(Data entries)
◆ ◆ ◆

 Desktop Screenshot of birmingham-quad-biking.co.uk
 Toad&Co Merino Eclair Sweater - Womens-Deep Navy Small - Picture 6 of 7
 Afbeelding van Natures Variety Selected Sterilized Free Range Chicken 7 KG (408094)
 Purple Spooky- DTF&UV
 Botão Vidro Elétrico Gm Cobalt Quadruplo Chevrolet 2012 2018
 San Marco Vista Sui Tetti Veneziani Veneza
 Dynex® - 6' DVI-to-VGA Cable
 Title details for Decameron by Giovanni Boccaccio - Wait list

◆ ◆ ◆

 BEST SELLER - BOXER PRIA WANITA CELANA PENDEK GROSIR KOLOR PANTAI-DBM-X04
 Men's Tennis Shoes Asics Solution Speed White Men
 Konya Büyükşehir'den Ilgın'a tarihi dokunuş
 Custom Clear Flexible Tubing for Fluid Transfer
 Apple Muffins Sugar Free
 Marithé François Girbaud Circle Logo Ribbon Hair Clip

◆ ◆ ◆

What is expected: Which lines above run from the one containing "BEST SELLER - BOXER" to the one containing "Marithé François Girbaud"? Give them again exactly, both ends included.

Response:
 BEST SELLER - BOXER PRIA WANITA CELANA PENDEK GROSIR KOLOR PANTAI-DBM-X04
 Men's Tennis Shoes Asics Solution Speed White Men
 Konya Büyükşehir'den Ilgın'a tarihi dokunuş
 Custom Clear Flexible Tubing for Fluid Transfer
 Apple Muffins Sugar Free
 Marithé François Girbaud Circle Logo Ribbon Hair Clip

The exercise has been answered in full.